Wind:  Nye County has abundant wind resources. The DOE’s Wind Program and the National Renewable Energy Laboratory (NREL) developed an updated wind resource map for the state of Nevada in January 2010.  This map indicates that Nevada has wind resources consistent with utility-scale production.  Good-to-excellent wind resources are located on the higher ridge crests throughout Nye County.

 

 

Transmission:  Interest in Nye County’s renewable energy potential is on the rise, partly because of the following transmission development activities:

·       On January 3, 2013, Valley Electric Association (VEA) became the first out-of-state utility to join the California Independent System Operator (CAISO) as a participating transmission owner.  This new partnership creates cost-effective means of getting both California and Nevada renewables to market.

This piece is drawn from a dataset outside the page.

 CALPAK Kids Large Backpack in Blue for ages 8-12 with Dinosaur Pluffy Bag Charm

·        VEA has requested a new right-of-way (ROW) authorization from the Bureau of Land Management (BLM) for the construction, operation, maintenance, and termination of transmission infrastructure improvements in Pahrump and Sandy Valleys to Jean, Nevada, and terminating at Eldorado Substation near McCullough Pass. These improvements will support the delivery of 500 megawatts (MW) into the VEA transmission system for the development of the Hidden Hills Solar Electric Generating Station (HHSEGS), a solar electric generating facility to be developed by Bright Source Energy Inc. (BSE), located in Inyo County.

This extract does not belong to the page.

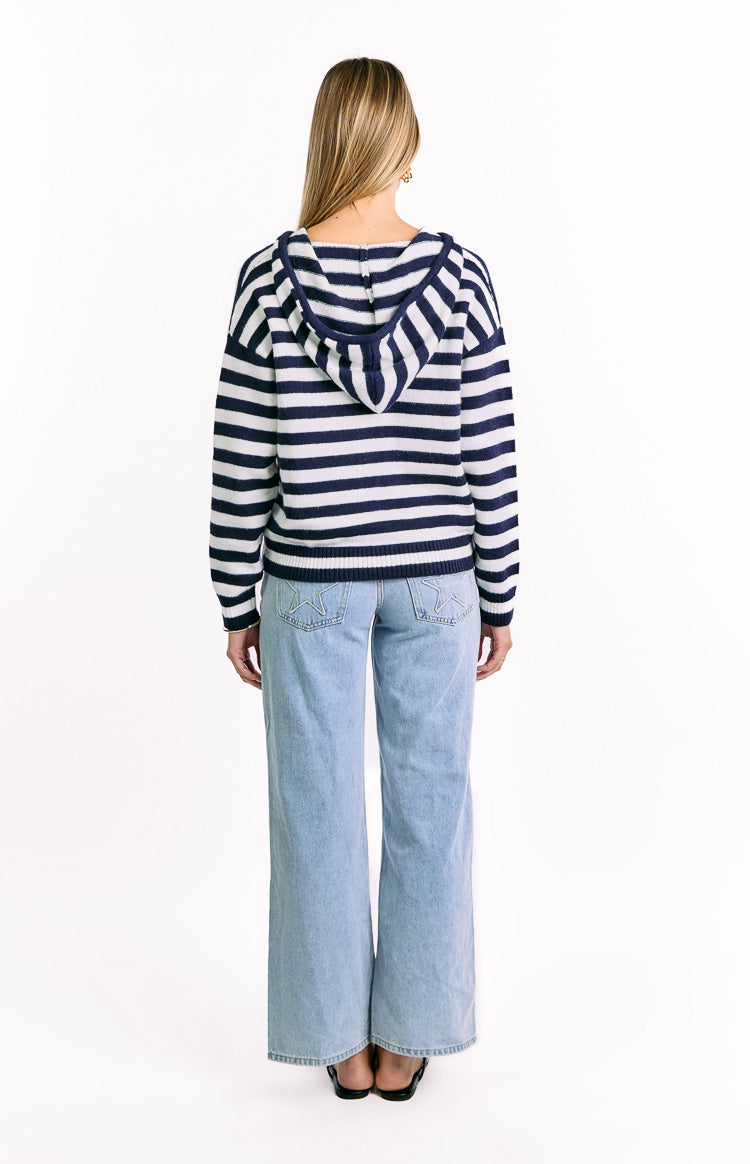 Rear view of a navy and white striped knit sweater with a hood and ribbed hem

·       NV Energy is constructing ON Line, a 500 kV transmission line running 235 miles.  The line will initiate north of Las Vegas and run through eastern Nye County to an area 20 miles west of Ely, Nevada.  The new line and substation are under construction and expected to be operational in the 2nd half of 2013.

 

 

 

·       The West-Wide Energy Corridor Final Programmatic Environmental Impact Statement (PEIS) was completed in November 2008 by the United States Department of Energy, the Bureau of Land Management, the United States Forest Service, and the Department of Defense (the Agencies). The PEIS identifies proposed Section 368 energy corridors to facilitate future siting of renewable energy development projects and electricity transmission and distribution facilities on Federal Lands in the West. A multi-modal energy corridor was proposed for southern Nye County, Nevada.